One of our used apps was the voice memo app on the iPhone. We have used it very often for things like keeping track of conversations, taking notes in class, etc. However, one of the biggest limitations with voice memos is the necessity of having to back in and replay the voice memo and having to look for a very specific moment to find something you are looking for. From this experience, we realized the potential that LLMs could play with streamlining and making this process significantly less tedious therefore saving tons of time in the process.
Our app is meant to listen in on your conversations and take out key details and actionable items from them - it helps you be on time and acts as a little personal assistant. Amica can take any audio recording map out key to-dos for you and add important events to a calendar. Users can also use the chat feature to
We built this project using OpenAI APIs - GPT-4-turbo and Whisper. All user recordings are passed through the whisper API which lets us transcribe them, these are then stored in a vector database with the help of OpenAI. This information is then used to create actionable items with the help of GPT 4 and is also used by our agent to answer any questions the user might have.
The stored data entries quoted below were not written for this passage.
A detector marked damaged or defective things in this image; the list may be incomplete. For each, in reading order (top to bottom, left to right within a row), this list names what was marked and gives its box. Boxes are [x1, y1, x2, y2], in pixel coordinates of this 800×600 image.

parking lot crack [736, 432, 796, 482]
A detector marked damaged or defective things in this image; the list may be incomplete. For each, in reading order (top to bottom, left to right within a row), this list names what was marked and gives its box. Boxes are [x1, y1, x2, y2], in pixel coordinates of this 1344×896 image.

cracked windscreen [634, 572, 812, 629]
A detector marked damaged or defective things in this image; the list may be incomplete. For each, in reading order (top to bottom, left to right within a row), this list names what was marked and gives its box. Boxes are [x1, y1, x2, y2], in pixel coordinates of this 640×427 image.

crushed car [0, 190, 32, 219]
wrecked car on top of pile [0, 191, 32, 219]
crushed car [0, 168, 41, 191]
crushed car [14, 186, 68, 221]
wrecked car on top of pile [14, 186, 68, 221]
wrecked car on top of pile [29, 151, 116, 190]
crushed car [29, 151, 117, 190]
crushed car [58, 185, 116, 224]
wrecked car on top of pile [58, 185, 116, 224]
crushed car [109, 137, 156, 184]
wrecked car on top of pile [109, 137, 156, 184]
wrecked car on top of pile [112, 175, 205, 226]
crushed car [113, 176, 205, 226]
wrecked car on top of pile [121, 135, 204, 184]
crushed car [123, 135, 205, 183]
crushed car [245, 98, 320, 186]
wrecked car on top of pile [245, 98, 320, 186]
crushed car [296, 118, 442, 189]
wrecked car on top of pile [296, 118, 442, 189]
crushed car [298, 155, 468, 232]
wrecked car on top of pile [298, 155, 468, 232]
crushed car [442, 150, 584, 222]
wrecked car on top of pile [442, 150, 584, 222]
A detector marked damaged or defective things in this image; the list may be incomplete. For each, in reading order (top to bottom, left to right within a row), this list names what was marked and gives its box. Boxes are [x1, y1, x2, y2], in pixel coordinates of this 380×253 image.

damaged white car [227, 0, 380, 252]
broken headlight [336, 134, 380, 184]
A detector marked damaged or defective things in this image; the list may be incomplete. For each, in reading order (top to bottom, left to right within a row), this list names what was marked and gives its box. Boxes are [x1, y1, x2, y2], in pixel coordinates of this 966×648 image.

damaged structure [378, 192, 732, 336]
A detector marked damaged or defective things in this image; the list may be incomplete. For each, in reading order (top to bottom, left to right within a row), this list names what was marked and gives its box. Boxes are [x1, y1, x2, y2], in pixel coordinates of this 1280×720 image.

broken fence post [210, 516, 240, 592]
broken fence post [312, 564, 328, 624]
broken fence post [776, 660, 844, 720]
The most difficult part of this project was covering all of the edge cases with LLMs. LLMs tend to be extremely stochastic entities and oftentimes will output things you would not expect. For example, one of the things we were trying to keep track of was time. In one of our example prompts, we said “tonight” instead of an actual time and the LLM interpreted it as an actual time. Despite technically being correct, this was not the expected output, and therefore, we needed to alter the prompt to take this into account.
We’re proud of having built a useful agent in a short duration. This project can be used for experimenting with different agent interaction UIs - it serves as a good MVP for how general purpose assistants can be used in the future.
Our app is meant for single users to plan out their days (i.e., it's a supercharged voice memo app). In the future, we hope to provide our consumers with collaborative functionality to enable AI agents to make plans based on a more conversational context. There are a couple of ways this could work - first, if both users have the app, we could process the transcribed voice memos separately so that the AI agent can differentiate between the two people in the conversation, aggregate it later as a post-processing step, and from that it could make plans. Alternatively, on a singular device, we could apply speech diarization techniques to differentiate between multiple people talking.
Another feature we want to potentially pursue is making this agent become a single source of truth for all your data. Right now, we only leverage voice memos for information. We could give it additional permissions to look at things like screenshots (i.e., perhaps plane tickets) and organize all that information into a more actionable set of items. Essentially, the larger idea is this should be the unified hub for all organizational purposes, completely automated and controlled by AI.